PROBLEM REQUIREMENTS —
Where an entry contains a picture, skip the picture and write out everything else exactly.

BEGIN LISTED RECORDS

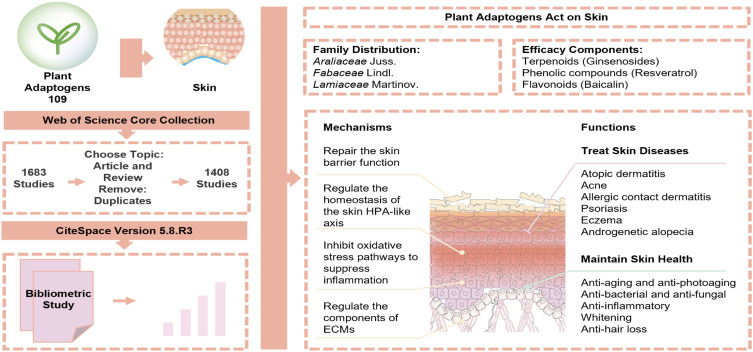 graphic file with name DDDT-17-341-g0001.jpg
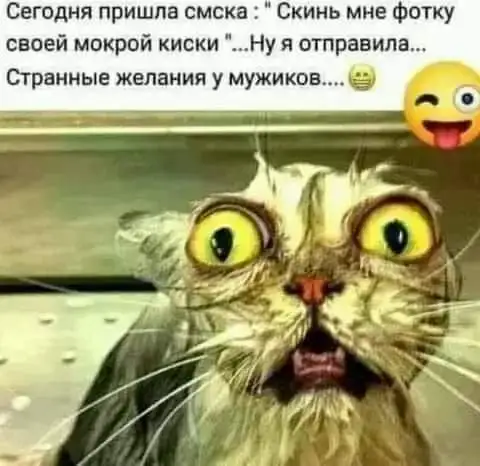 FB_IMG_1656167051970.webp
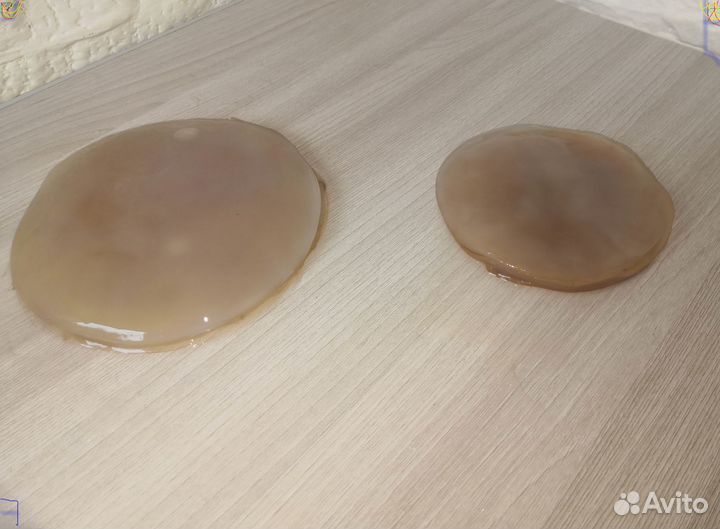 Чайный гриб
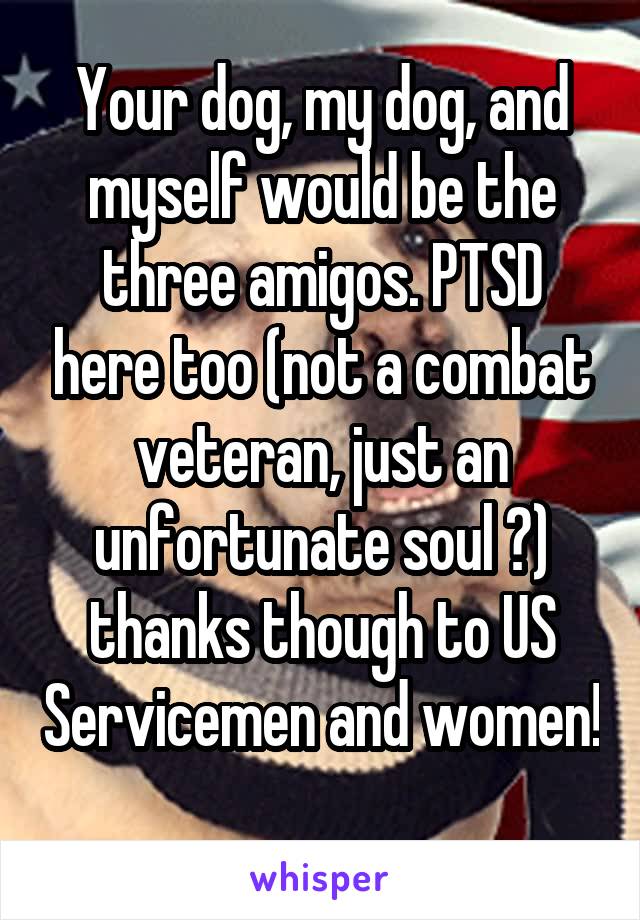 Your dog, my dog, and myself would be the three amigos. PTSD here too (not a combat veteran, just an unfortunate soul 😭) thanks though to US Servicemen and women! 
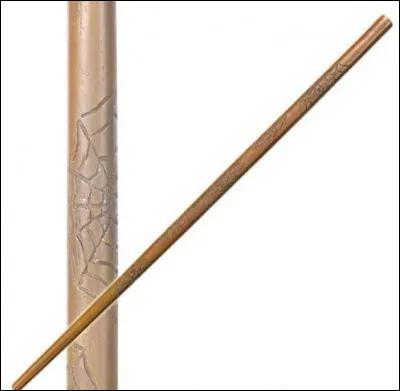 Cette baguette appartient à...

END LISTED RECORDS

WORKED SOLUTION —
 graphic file with name DDDT-17-341-g0001.jpg
 FB_IMG_1656167051970.webp
 Чайный гриб
 Your dog, my dog, and myself would be the three amigos. PTSD here too (not a combat veteran, just an unfortunate soul 😭) thanks though to US Servicemen and women! 
 Cette baguette appartient à...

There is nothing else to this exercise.